Speculative execution, variant 4: speculative store bypass
bugs.chromium.orgIf you are using Linux-based virtualization (KVM), besides requiring updated kernel and Intel microcode (which is not yet available), you would also need updates for relevant layers: QEMU and libvirt. Patches are posted[1][2].
Virtual Machines now need to be exposed a new Intel CPU feature flag: 'ssbd' (Speculative Store Bypass Disable).
On microcode, from Red Hat's blog post[3]:
In many (but not all) cases, full mitigation will also require updated microcode from the system microprocessor vendor. Red Hat intends to ship updated microcode as a convenience to our customers as it is made available to us. In the interim, customers are strongly advised to contact their OEM, ODM, or system manufacturer to receive this via a system BIOS update.
[1] https://www.redhat.com/archives/libvir-list/2018-May/msg0156...
[2] https://lists.gnu.org/archive/html/qemu-devel/2018-05/msg047...
[3] https://www.redhat.com/en/blog/speculative-store-bypass-expl...
AMD guidance:
https://developer.amd.com/wp-content/resources/124441_AMD64_...
(setting an CPU-specific MSR and it's done for current CPUs, no microcode updates required.)
https://www.amd.com/en/corporate/security-updates has : "We have not identified any AMD x86 products susceptible to the Variant 3a vulnerability in our analysis to-date."
For AMD, in context of virtualization — you would need to also expose a new CPUID flag: 'virt-ssdb', which all hypervisor vendors will expose to guests on AMD hosts. More from the libvirt patch[1]:
Some AMD processors only support a non-architectural means of enabling Speculative Store Bypass Disable. To allow simplified handling in virtual environments, hypervisors will expose an architectural definition through CPUID bit 0x80000008_EBX[25]. This needs to be exposed to guest OS running on AMD x86 hosts to allow them to protect against CVE-2018-3639.
Note that since this CPUID bit won't be present in the host CPUID results on physical hosts, it will not be enabled automatically in guests configured with "host-model" CPU unless using QEMU version >= 2.9.0. Thus for older versions of QEMU, this feature must be manually enabled using policy=force. Guests using the "host-passthrough" CPU mode do not need special handling.
[1] https://www.redhat.com/archives/libvir-list/2018-May/msg0156...

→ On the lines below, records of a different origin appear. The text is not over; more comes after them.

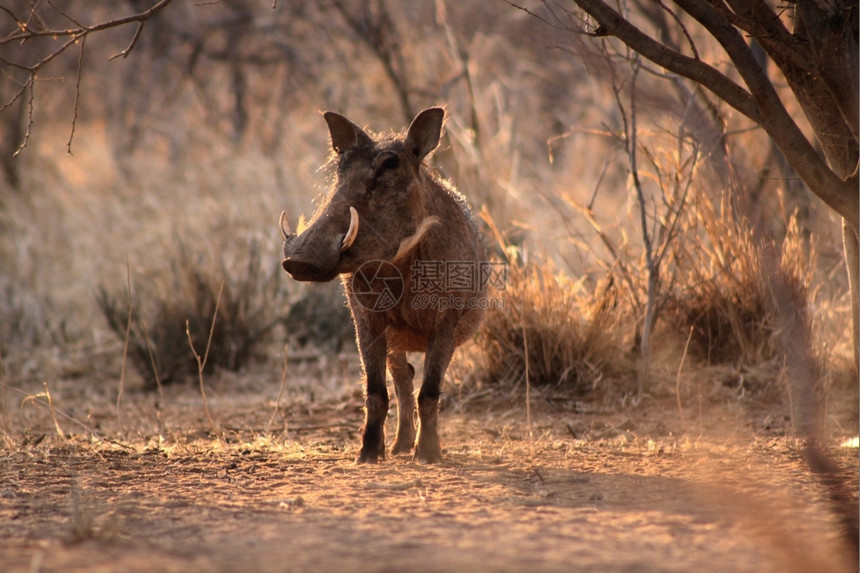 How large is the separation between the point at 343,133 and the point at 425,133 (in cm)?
34

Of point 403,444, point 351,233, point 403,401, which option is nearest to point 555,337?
point 403,401

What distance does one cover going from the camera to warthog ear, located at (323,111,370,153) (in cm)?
416

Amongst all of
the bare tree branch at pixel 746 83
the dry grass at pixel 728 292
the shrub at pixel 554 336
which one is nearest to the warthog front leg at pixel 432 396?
the bare tree branch at pixel 746 83

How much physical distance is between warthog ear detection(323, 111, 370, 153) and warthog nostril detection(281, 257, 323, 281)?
695 millimetres

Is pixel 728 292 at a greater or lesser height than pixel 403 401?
greater

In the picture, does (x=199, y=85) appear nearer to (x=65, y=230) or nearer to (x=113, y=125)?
(x=113, y=125)

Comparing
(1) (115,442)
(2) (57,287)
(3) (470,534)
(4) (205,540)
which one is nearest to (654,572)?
(3) (470,534)

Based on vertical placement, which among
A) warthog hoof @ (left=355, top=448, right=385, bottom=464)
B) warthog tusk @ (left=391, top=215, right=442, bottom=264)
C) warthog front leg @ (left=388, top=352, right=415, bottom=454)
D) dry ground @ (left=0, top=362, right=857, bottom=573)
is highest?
warthog tusk @ (left=391, top=215, right=442, bottom=264)

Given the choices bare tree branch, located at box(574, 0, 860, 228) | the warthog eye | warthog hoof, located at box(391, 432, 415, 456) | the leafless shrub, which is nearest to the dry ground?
warthog hoof, located at box(391, 432, 415, 456)

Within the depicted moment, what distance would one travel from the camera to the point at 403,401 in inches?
184

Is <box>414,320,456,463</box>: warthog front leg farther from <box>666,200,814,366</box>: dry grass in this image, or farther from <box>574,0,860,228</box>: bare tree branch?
<box>666,200,814,366</box>: dry grass

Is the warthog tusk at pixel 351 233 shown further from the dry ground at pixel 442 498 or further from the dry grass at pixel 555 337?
the dry grass at pixel 555 337

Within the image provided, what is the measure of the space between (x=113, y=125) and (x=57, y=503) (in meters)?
11.3

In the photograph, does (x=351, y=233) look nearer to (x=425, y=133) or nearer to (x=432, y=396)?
(x=425, y=133) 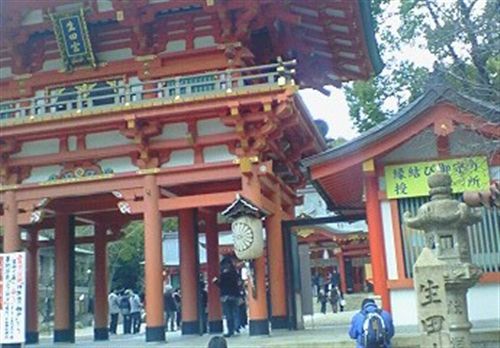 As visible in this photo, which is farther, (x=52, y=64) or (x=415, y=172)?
(x=52, y=64)

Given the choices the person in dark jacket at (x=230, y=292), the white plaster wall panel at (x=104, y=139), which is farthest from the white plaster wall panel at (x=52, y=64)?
the person in dark jacket at (x=230, y=292)

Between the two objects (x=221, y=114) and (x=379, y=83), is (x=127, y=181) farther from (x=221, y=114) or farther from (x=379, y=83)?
(x=379, y=83)

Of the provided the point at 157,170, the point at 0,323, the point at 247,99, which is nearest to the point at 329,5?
the point at 247,99

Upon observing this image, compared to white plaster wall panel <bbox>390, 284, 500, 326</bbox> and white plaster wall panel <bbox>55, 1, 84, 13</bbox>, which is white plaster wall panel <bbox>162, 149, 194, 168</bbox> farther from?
white plaster wall panel <bbox>390, 284, 500, 326</bbox>

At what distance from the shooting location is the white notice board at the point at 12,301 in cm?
1271

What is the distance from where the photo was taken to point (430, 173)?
1085 centimetres

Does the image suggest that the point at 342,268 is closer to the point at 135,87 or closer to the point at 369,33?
the point at 369,33

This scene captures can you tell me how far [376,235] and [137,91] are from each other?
19.2 ft

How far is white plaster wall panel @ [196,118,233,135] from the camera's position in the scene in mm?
13797

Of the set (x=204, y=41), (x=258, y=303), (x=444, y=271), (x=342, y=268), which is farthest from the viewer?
(x=342, y=268)

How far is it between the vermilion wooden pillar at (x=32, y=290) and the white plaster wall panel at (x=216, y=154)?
22.5 ft

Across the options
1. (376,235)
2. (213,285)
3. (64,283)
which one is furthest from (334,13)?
(64,283)

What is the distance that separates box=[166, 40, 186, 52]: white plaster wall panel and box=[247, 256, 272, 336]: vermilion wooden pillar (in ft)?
16.9

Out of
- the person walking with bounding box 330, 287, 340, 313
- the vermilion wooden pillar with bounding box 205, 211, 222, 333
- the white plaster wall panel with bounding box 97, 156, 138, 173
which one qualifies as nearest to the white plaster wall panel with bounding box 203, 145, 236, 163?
the white plaster wall panel with bounding box 97, 156, 138, 173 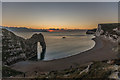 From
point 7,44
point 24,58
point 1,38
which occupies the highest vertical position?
point 1,38

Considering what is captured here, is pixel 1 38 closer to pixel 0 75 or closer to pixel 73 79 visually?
pixel 0 75

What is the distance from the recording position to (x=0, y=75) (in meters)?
13.2

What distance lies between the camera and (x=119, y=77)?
7664 mm

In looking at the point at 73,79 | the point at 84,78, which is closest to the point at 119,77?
Result: the point at 84,78

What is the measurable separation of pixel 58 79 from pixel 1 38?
71.8 ft

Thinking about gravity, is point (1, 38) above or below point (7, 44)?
above

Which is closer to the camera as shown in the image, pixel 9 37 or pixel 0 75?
pixel 0 75

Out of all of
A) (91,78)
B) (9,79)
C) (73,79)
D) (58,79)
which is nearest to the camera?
(91,78)

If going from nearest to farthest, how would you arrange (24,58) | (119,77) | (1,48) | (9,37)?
(119,77) → (1,48) → (9,37) → (24,58)

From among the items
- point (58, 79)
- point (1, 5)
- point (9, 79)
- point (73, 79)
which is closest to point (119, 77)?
point (73, 79)

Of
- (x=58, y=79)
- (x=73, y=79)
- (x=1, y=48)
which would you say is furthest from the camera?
(x=1, y=48)

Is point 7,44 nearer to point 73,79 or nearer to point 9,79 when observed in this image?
point 9,79

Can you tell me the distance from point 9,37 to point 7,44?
3.08 meters

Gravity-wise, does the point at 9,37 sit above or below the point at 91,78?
above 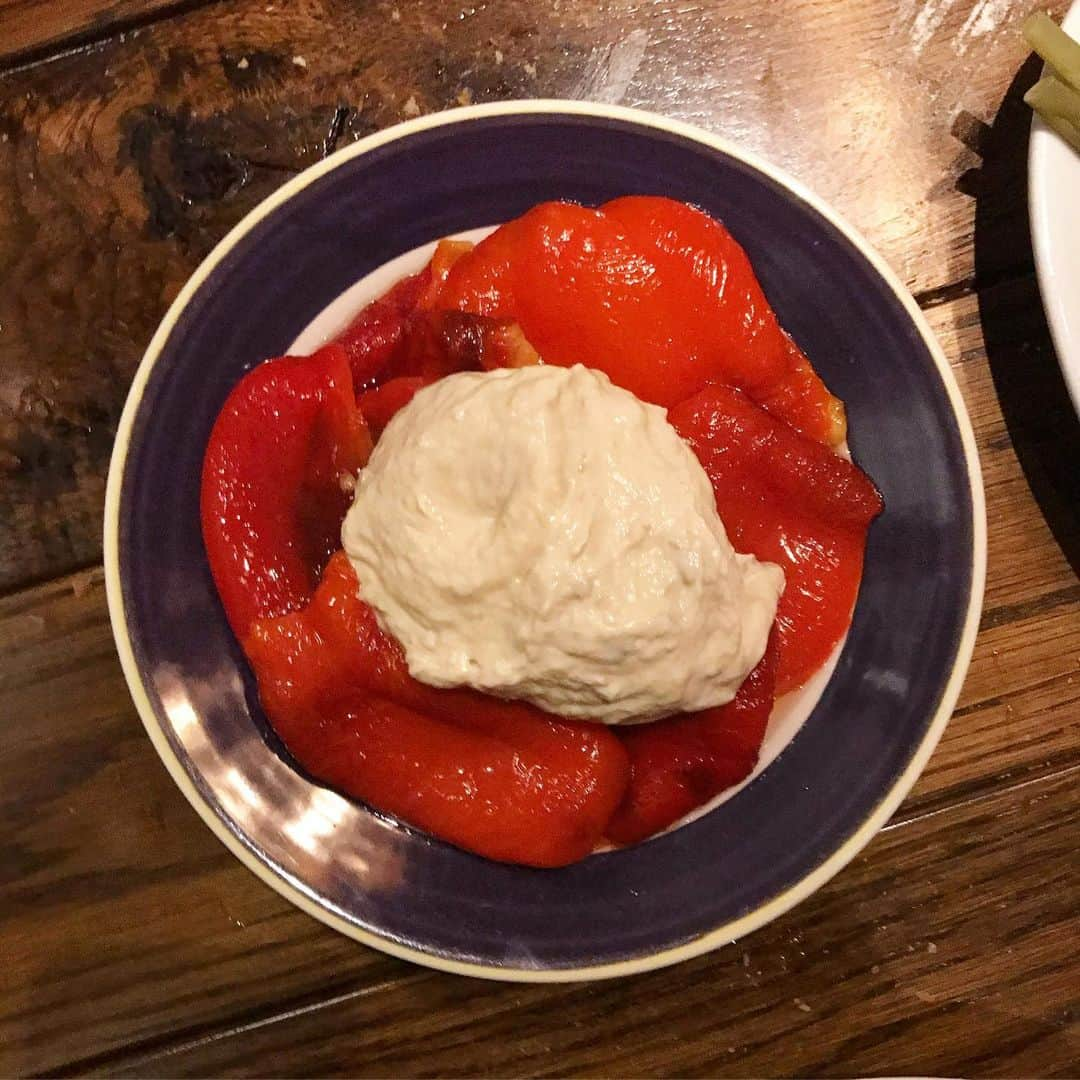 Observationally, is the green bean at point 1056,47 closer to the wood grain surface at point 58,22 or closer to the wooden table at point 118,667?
the wooden table at point 118,667

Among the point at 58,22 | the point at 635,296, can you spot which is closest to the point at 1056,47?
the point at 635,296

I like that it's specex variant 4 and spectre variant 3. Keeps everybody sharp.
Special register read is called "variant 3a" because it allows you to break the privilege level separation like Meltdown and, back in November, Meltdown was called "variant 3". Variant 1 was conditional-branch Spectre (speculative out of bounds accesses) while variant 2 was indirect-branch Spectre (the one that could be used to read host memory from a virtual machine).
These are the links I found most explanatory
https://bugs.chromium.org/p/project-zero/issues/detail?id=15...
https://software.intel.com/sites/default/files/managed/b9/f9...
https://software.intel.com/sites/default/files/managed/c5/63...
https://blogs.technet.microsoft.com/srd/2018/05/21/analysis-...
https://developer.amd.com/wp-content/resources/124441_AMD64_...
https://www.intel.com/content/www/us/en/security-center/advi... uCode update is only for variant 3a (MSR read) and for the global disable bit in the MSR. The standard mitigation is still LFENCE.
https://docs.microsoft.com/en-us/cpp/security/developer-guid... vulnerable code examples
This is actually less clear (at least for me) than the project zero post.
Can you share the link? I found the redhat article clearer than the current chromium FP post :)
---
edit: I wasn't able to find anything new since Jan 3rd about the speculative bypass from Project Zero.
Some additional articles about the newly revealed Variant 4:
https://wiki.ubuntu.com/SecurityTeam/KnowledgeBase/Variant4
https://xenbits.xen.org/xsa/advisory-263.html
https://www.cnet.com/news/intel-microsoft-reveal-new-variant...
https://newsroom.intel.com/editorials/addressing-new-researc...
>Can you share the link? I found the redhat article clearer than the current chromium FP post :)
I was talking about https://bugs.chromium.org/p/project-zero/issues/detail?id=15...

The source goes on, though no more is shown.